Work instruction
Please output the section of the listing below that opens with the line containing "Scarpa Rapid GTX Men Approach Shoe" and closes with the line containing "Townhouse for rent, Soi HomePro, Nakhon Ratchasima. Townhouse", exactly and with nothing else.

Records for processing

== == ==

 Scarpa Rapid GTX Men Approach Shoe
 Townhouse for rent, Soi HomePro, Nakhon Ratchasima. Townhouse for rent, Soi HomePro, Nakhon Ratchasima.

== == ==

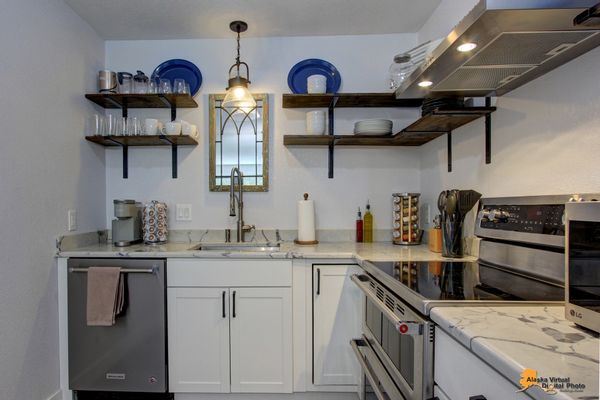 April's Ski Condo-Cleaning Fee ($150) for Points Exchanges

== == ==

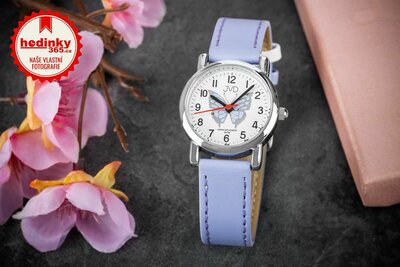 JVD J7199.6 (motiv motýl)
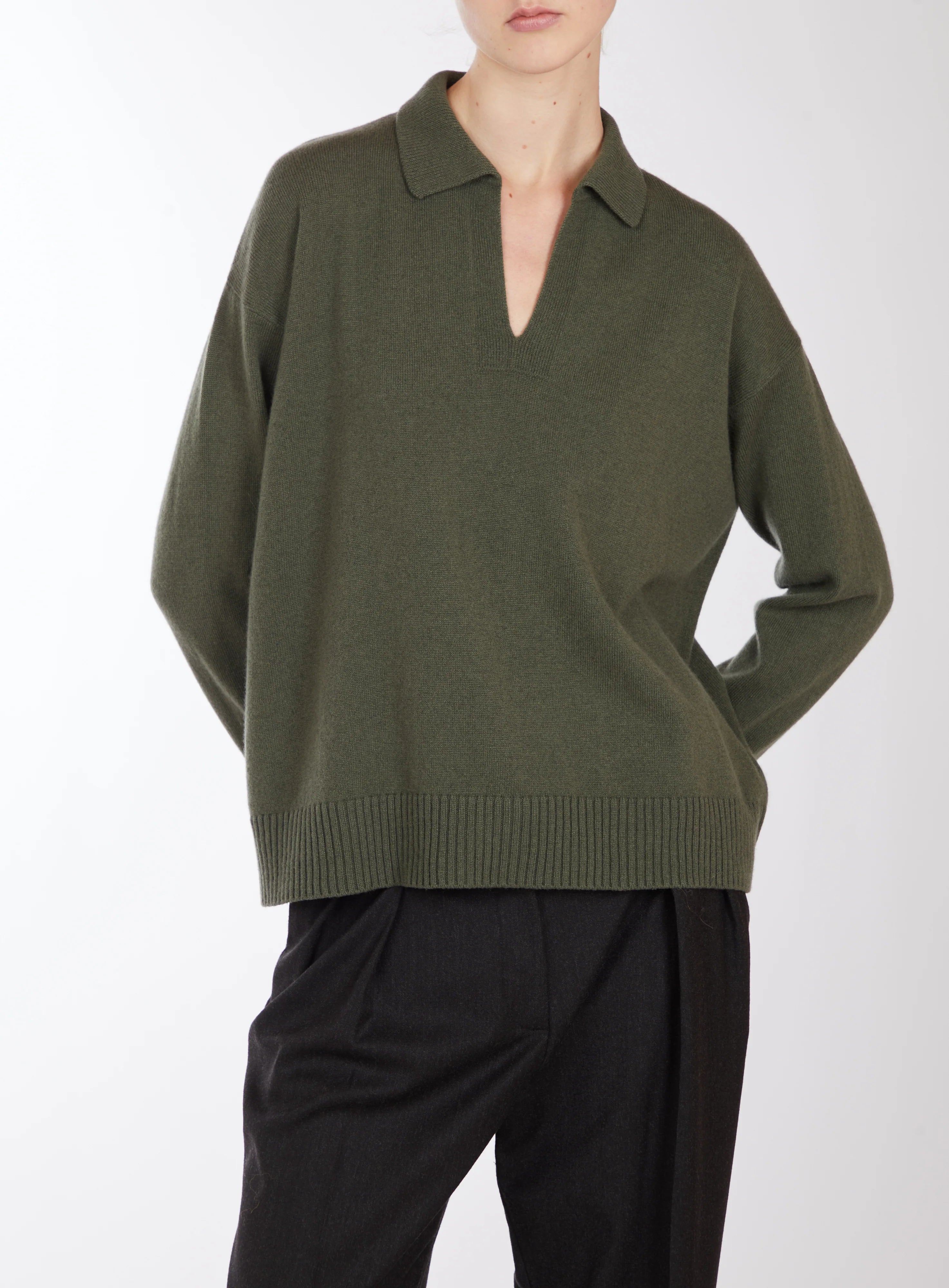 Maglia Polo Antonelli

== == ==

Expected output
 Scarpa Rapid GTX Men Approach Shoe
 Townhouse for rent, Soi HomePro, Nakhon Ratchasima. Townhouse for rent, Soi HomePro, Nakhon Ratchasima.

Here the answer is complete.